◆ Task statement
What are the lines below, starting at the line containing "Naira hits seven-month" and ending at the line containing "Teren intravilan 8757"? Write them out exactly, ends included, without pictures.

◆ Records provided
Start of Block

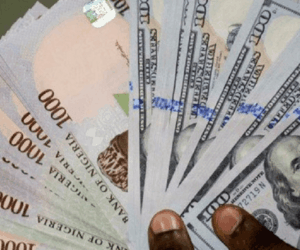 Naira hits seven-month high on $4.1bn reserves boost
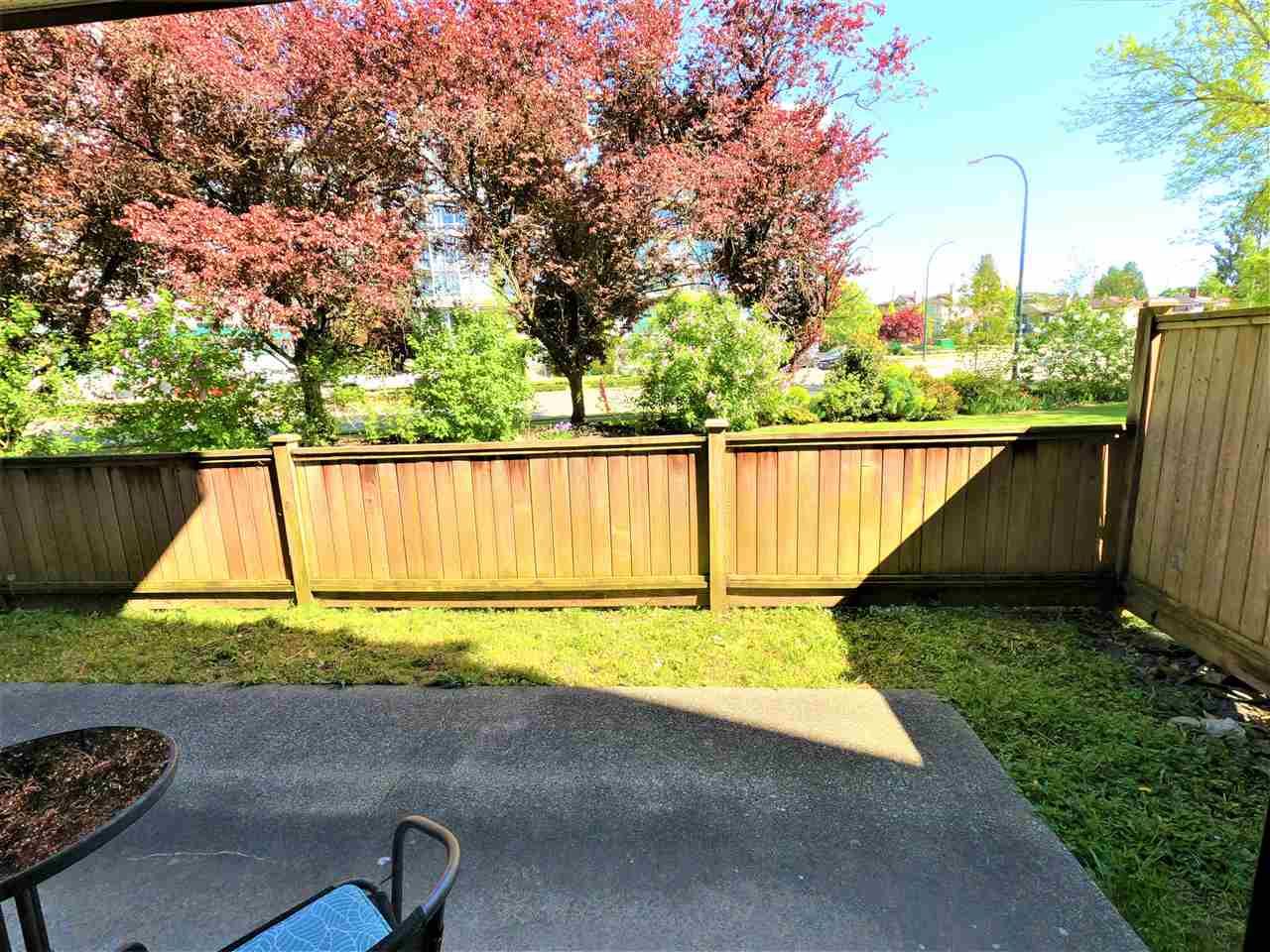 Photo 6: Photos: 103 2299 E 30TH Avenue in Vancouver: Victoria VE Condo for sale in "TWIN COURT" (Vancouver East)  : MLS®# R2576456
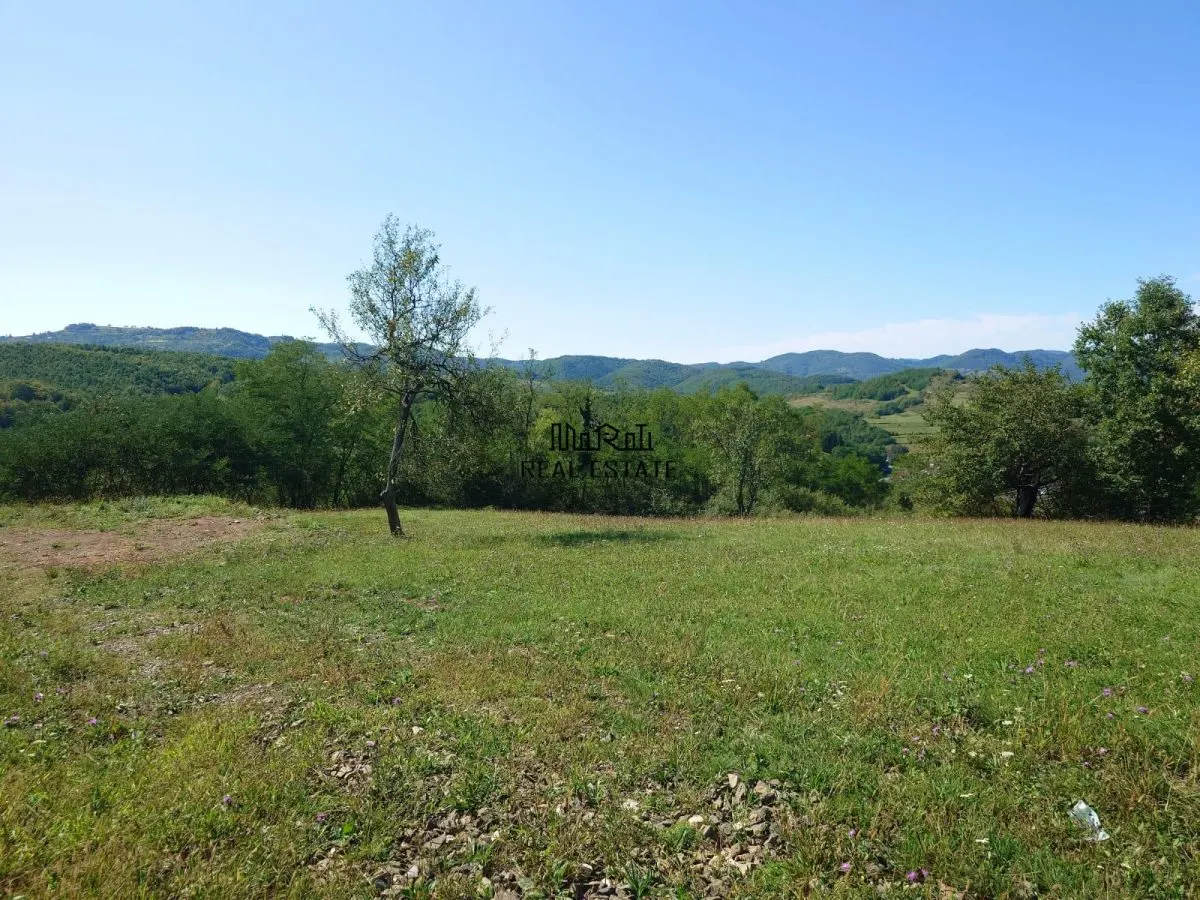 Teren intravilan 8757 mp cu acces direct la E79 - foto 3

End of Block
Start of Block

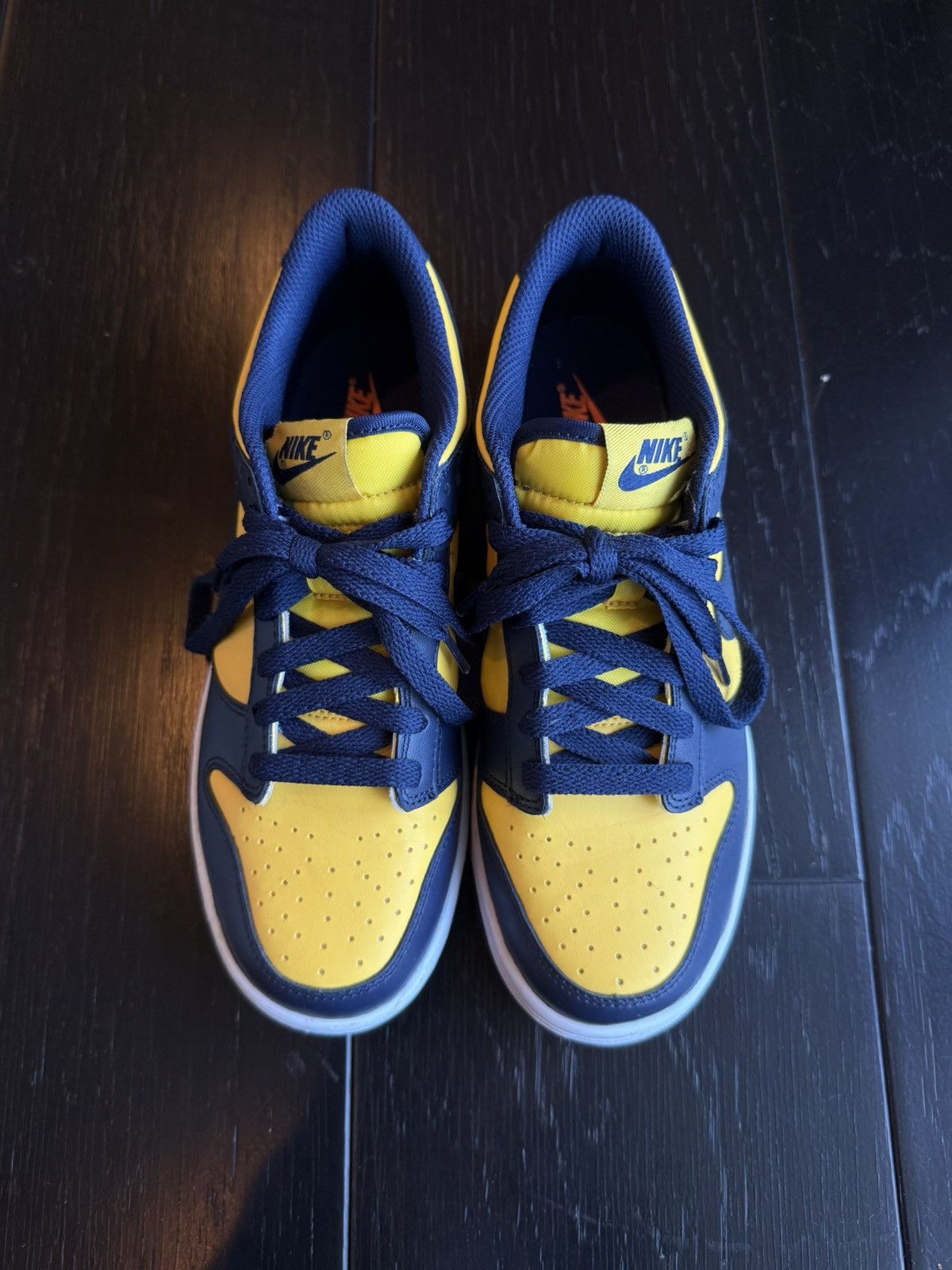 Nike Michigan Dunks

End of Block

◆ Answer section
 Naira hits seven-month high on $4.1bn reserves boost
 Photo 6: Photos: 103 2299 E 30TH Avenue in Vancouver: Victoria VE Condo for sale in "TWIN COURT" (Vancouver East)  : MLS®# R2576456
 Teren intravilan 8757 mp cu acces direct la E79 - foto 3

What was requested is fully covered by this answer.